Stay Productive: Stable Structure meets Personalized Downtime
Moskovitz learned some hard lessons during his tenure at Facebook — and the most valuable of them inspired him to found Asana, aimed at facilitating efficient teamwork. “When I started working in the Valley, I succumbed to the pressure to keep driving, keep grinding,” said Moskovitz, who endured but not endorsed the hard-driving culture of Silicon Valley that build Facebook into the world’s largest social networking company, adding “there’s also a culture of one-upsmanship, and I sort of fell into it.”
Asana is build different, says Moskovitz, deeply conscious of the pitfalls of burnout.

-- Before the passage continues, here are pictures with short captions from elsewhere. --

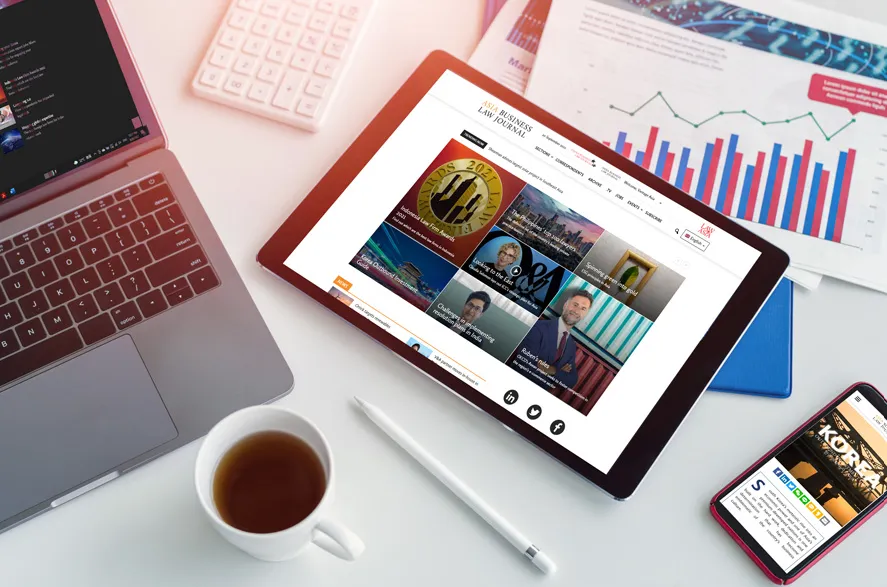 1 สิงหาชี้ชะตา ภาษีทรัมป์ ไทยจะรอดหรือร่วง พร้อมแนวทางจัดพอร์ตหุ้นไทยให้รอด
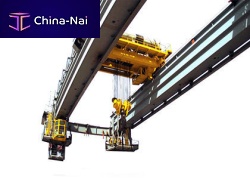 Mobile crane cable systemconstructionbuilding
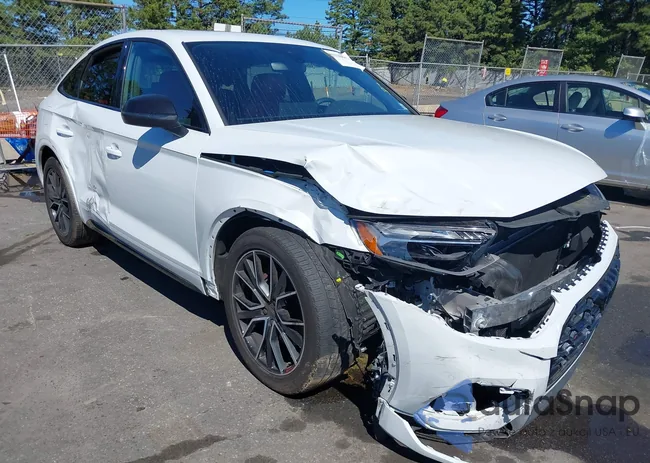 WA124AFY9R2049922: 43238805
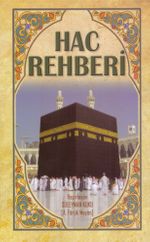 Hac Rehberi
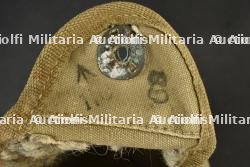 Gourde de parachutiste British Made. — photo 5
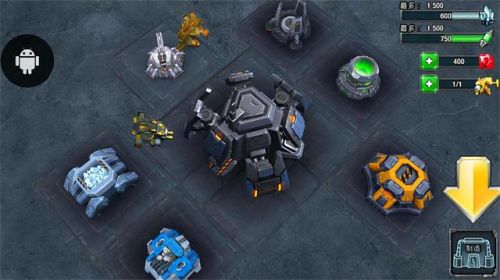 (内置功能菜单)游戏大全(内置绿色钥匙mod菜单游戏)插图1 (内置功能菜单)游戏大全(内置绿色钥匙mod菜单游戏)插图1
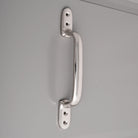 Classic Pull Handle-Door Pull Handles-Yester Home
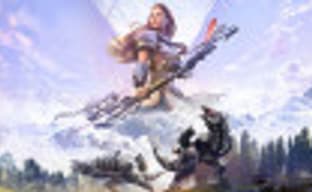 [Мнение] - PlayStation потеряет ВСЕ эксклюзивы?!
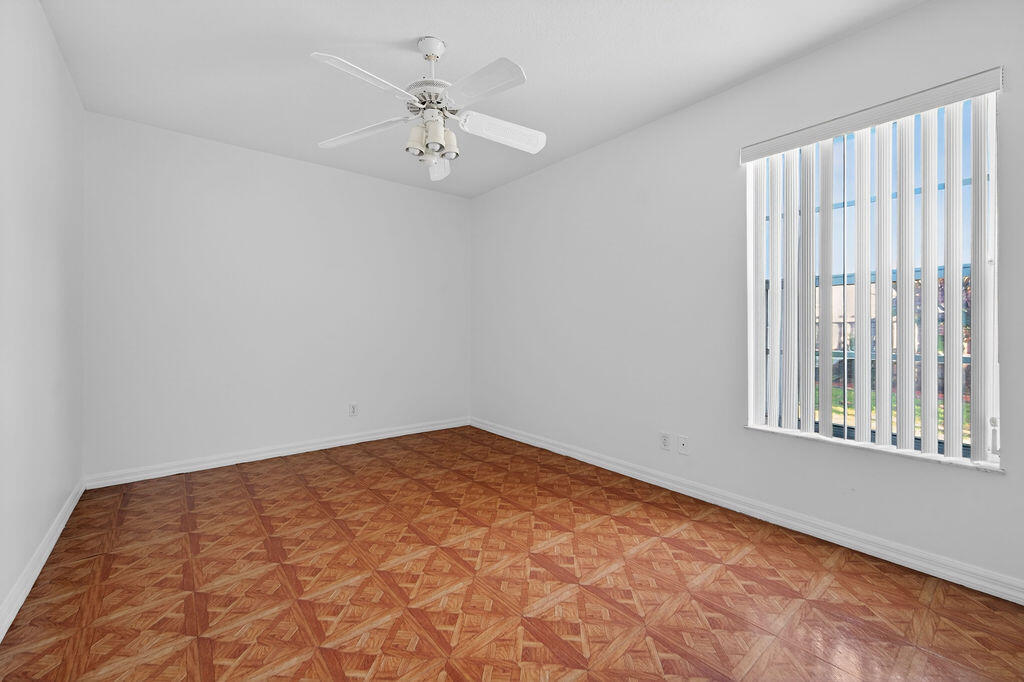 PORT ST LUCIE SECTION 9 - Residential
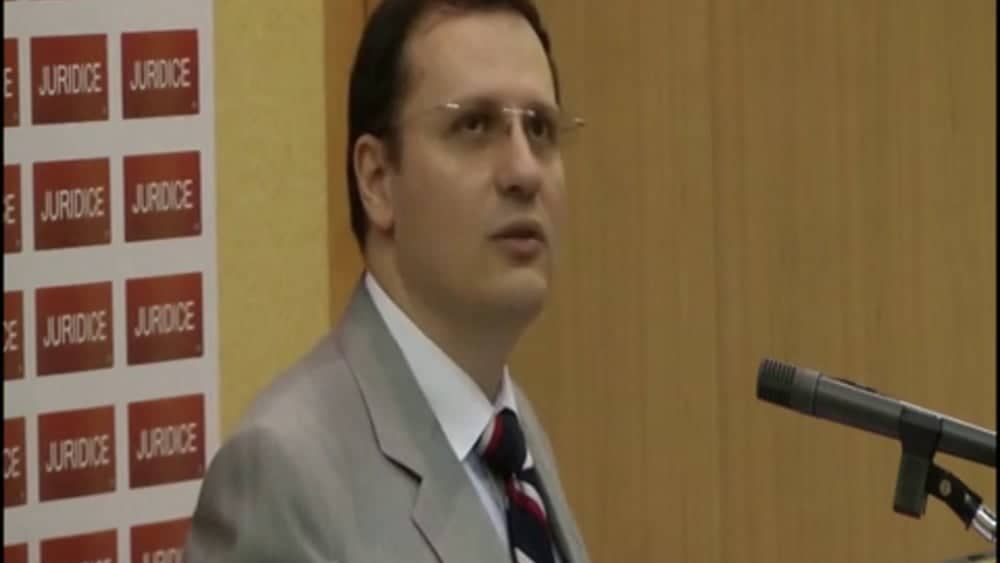 Radu Rizoiu  | Capcane in NCC. Capcane și soluții | 15 octombrie 2012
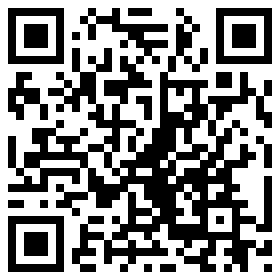 qrcode für Berker 75142830 - Glas Sensor 2f Busankoppler TS Sensor Glas polarweiss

For one, while the company uses the agile methodologies common in software development, it organizes its projects with an approach Moskovitz calls episodes: a 4-month period over which certain product, strategy and sales goals are achieved. At the end of an episode, the team runs a review in the form of “roadmap week.” This is an opportunity to break from the episode — the “in the weeds” doing part of the job — to review progress, identify problem areas, and begin plans for the next episode — effectively taking a “sky high” perspective of the job to be done.
Episodes and roadmap week provide structure for the entire company, but Moskovitz also encourages members to take downtime whenever they need it. The value of these breaks — whether they’re walks, vacations or sabbaticals — is that they respect the need for human beings to find the right rhythm to perform optimally.
Keep Improving: Open and Productive Communication
That’s the second ingredient, Moskovitz shared: all healthy companies need open and productive communication, spanning every area of concern from recruiting to fair compensation to team project management and assessment. Being able to tackle any issue openly helps the company grow and improve, posed Moskovitz, emphasizing that tackling problems head on is a core value.
For example, an employee not pulling his or her weight imposes a cost on an entire team — a cost that cannot be ignored because it will be amplified as a company scales.
Moskovitz directly addressed equity compensation, arguing that employees were at a disadvantage in terms of understanding how equity works. “Options are such a foreign subject for most employees. Then you add liquidation preferences and ratchets, and so this is a losing game for employees,” Moskovitz lamented. For problems like this, a culture of open communication ensures that problems are solved intentionally.
Best Practices for Humane Workplaces
Though it’s difficult to convey in words, Moskovitz made it clear that “best practices” cannot be cemented in company manuals or value statements. Instead, they have to be embedded in the way a company actually handles conflict among its employees and in the way a company proactively empowers its teams. At Asana, this is accomplished through intentional product development practices (episodes followed by roadmap weeks) and genuine support for an anti-grinding culture. Sounds like a nice place to work to us.